Vast te stellen het navolgende mandaat, machtiging en volmacht:

Artikel 1: Mandaat, machtiging en volmacht

  • 1.

    Aan het college van burgemeester en wethouders en de burgemeester van gemeente Diemen (hierna: Mandaatnemer) wordt mandaat verleend tot het namens en onder verantwoordelijkheid van het college van burgemeester en wethouders dan wel de burgemeester van de Gemeente de Ronde Venen nemen van besluiten en het ondertekenen van die besluiten ter uitoefening van de bevoegdheden zoals vermeld in artikel 3 van dit besluit.

  • 2.

    Waar in dit besluit wordt gesproken over mandaat, dient, tenzij anders is bepaald, daaronder tevens te worden begrepen machtiging en volmacht.

  • 3.

    Voor zover van toepassing omvat de bevoegdheid om krachtens mandaat besluiten te nemen tevens de bevoegdheid tot het stellen van voorschriften en beperkingen en het verrichten van voorbereidings- en uitvoeringshandelingen.

Artikel 2: Ondermandaat

  • 1.

    De mandaatnemer is uitsluitend bevoegd intern (binnen de eigen gemeentelijke organisatie) ondermandaat te verlenen.

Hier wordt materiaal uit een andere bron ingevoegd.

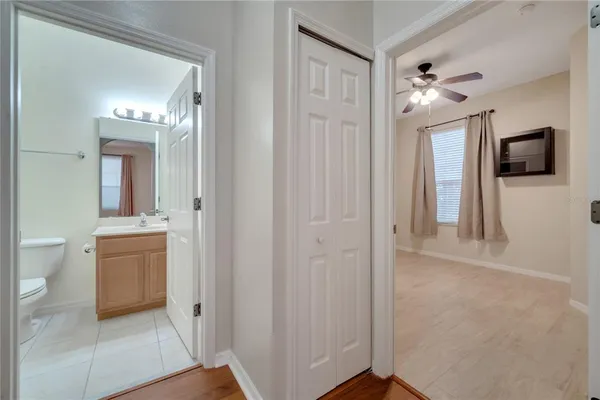 a view of a hallway and a livingroom with wooden floor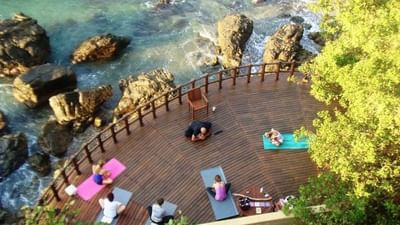 Aerial view of guests doing yoga on deck at Cala de Mar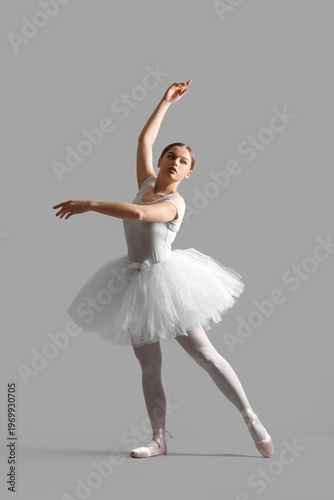 Young ballerina on grey bac...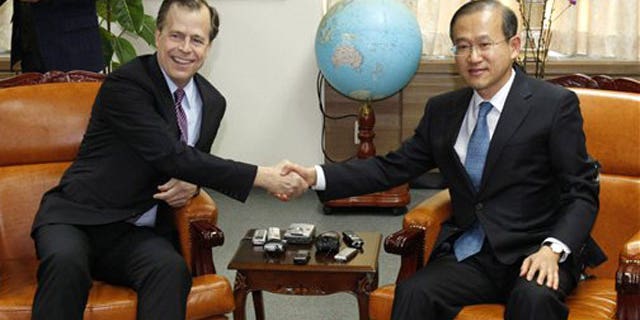 Feb. 25, 2012: U.S. special representative on North Korea policy Glyn Davies, left, shakes hands with South Korea's nuclear envoy Lim Sung-nam during their meeting at the Foreign Ministry in Seoul, South Korea.
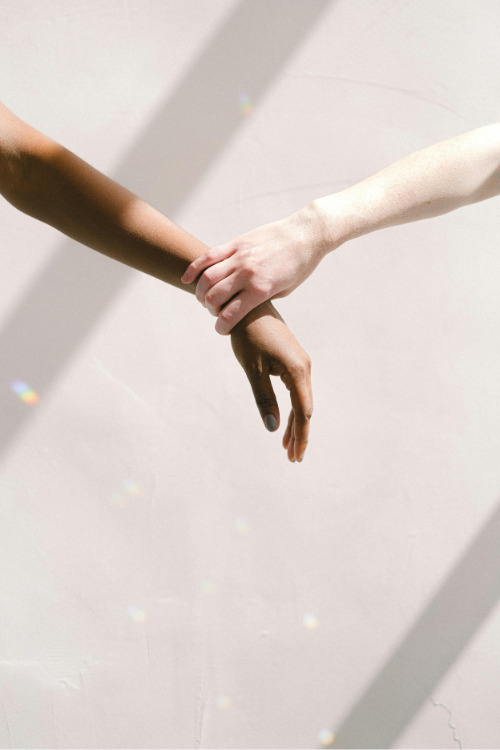 a light skinned hand taking hold of a dark skinned wrist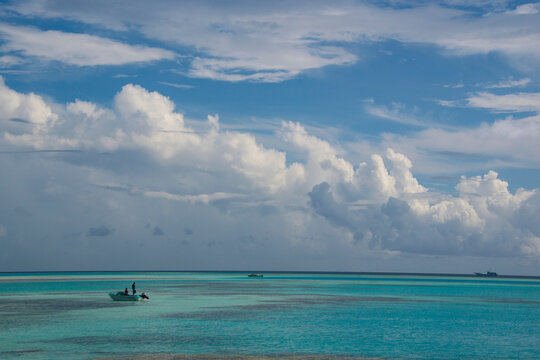 A boat at the surface of a coral reef in the Maldives with large clouds in the sky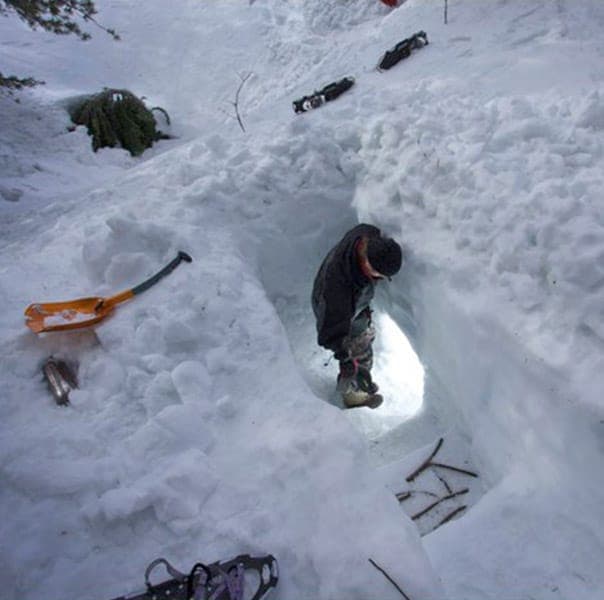 Camper building snow cave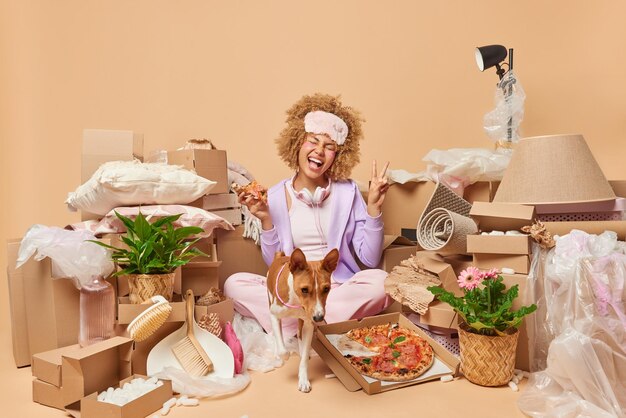Real estate purchase happy carefree european woman eats pizza
makes peace gesture poses around cardboard boxes with stuff on
floor near pet buys new property isolated over beige
background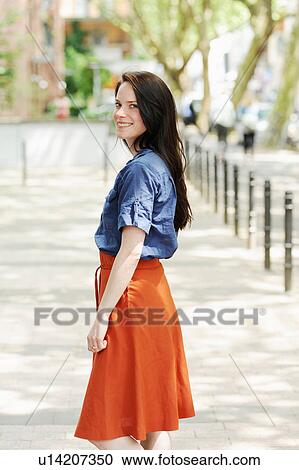 Stock Image - Smiling woman standing on city street. Fotosearch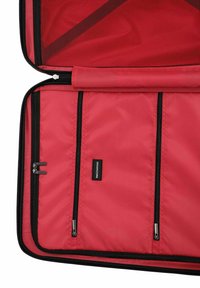 Vnitřek červené cestovní tašky se třemi zipovými kapsami, síťovanou částí a hladkým textilním podšívkou. Viditelné černé zipy a detaily štítku.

Hierbij is de (interne) mandaatregeling, dan wel zijn de (interne) mandaatbesluiten, dan wel de bestaande bevoegdheidsverdelingen van de mandaatnemer die van kracht waren op 1 januari 2022, onverkort van toepassing. De ondermandaatnemer kan de hem toegekende bevoegdheden niet door mandateren.

  • 2.

    De mandaatnemer is niet bevoegd op andere wijze dan in dit mandaatbesluit voorzien de verkregen bevoegdheid over te dragen.

Artikel 3: Reikwijdte mandaat

  • 1.

    Op grond van de Wet wordt de Gemeente per 1 januari 2022 verantwoordelijk voor een aantal jeugdigen, die tot 1 januari 2022 onder de verantwoordelijkheid van de mandaatnemer vielen. De Gemeente zal mandaatnemer uiterlijk 31 december 2021 een overzicht verstrekken welke jeugdigen dit betreft (hierna: Jeugdigen).

  • 2.

    Mandaatnemer is op grond van dit mandaatbesluit bevoegd en gehouden alle benodigde (rechts)handelingen te verrichten teneinde ervoor zorg te dragen dat reeds aangevangen jeugdhulp aan de onder lid 1 van dit artikel gespecificeerde Jeugdigen - bij de jeugdhulpaanbieder waar de jeugdige op dat moment in zorg is- wordt voortgezet. Voornoemde voortzettingsverplichting geldt voor de producten/diensten en onder de tarieven en voorwaarden zoals deze op 1 januari 2022 met jeugdhulpaanbieder zijn overeengekomen voor die jeugdige, gedurende de periode waarvoor mandaatnemer die jeugdhulp had toegekend of ermee had ingestemd, tot ten hoogste een jaar na inwerkingtreding van de Wet, te weten 1 januari 2023.

  • 3.

    Het is de mandaatnemer niet toegestaan om zonder voorafgaande schriftelijke toestemming van de Gemeente wijzigingen door te voeren ten aanzien van de producten/diensten, tarieven danwel voorwaarden waaronder jeugdhulp wordt verleend aan de Jeugdigen.

  • 4.

    Het is mandaatnemer uitdrukkelijk niet toegelaten andere besluiten te nemen dan die waarvoor het mandaat is verleend, c.q. over andere jeugdigen te beslissen dan over die Jeugdigen waarvoor een veranderde situatie optreedt als gevolg van het wijzigen van de Wet.

  • 5.

    De Gemeente is gehouden de kosten voor de in lid 1 en 2 van dit artikel gespecificeerde jeugdhulp te vergoeden aan de mandaatnemer.

  • 6.

    Facturen van de gemeente Diemen die voldoen aan de voorgaande criteria wordt gemaild naar crediteuren@derondevenen.nl o.v.v. 567201 kosten jeugdzorg.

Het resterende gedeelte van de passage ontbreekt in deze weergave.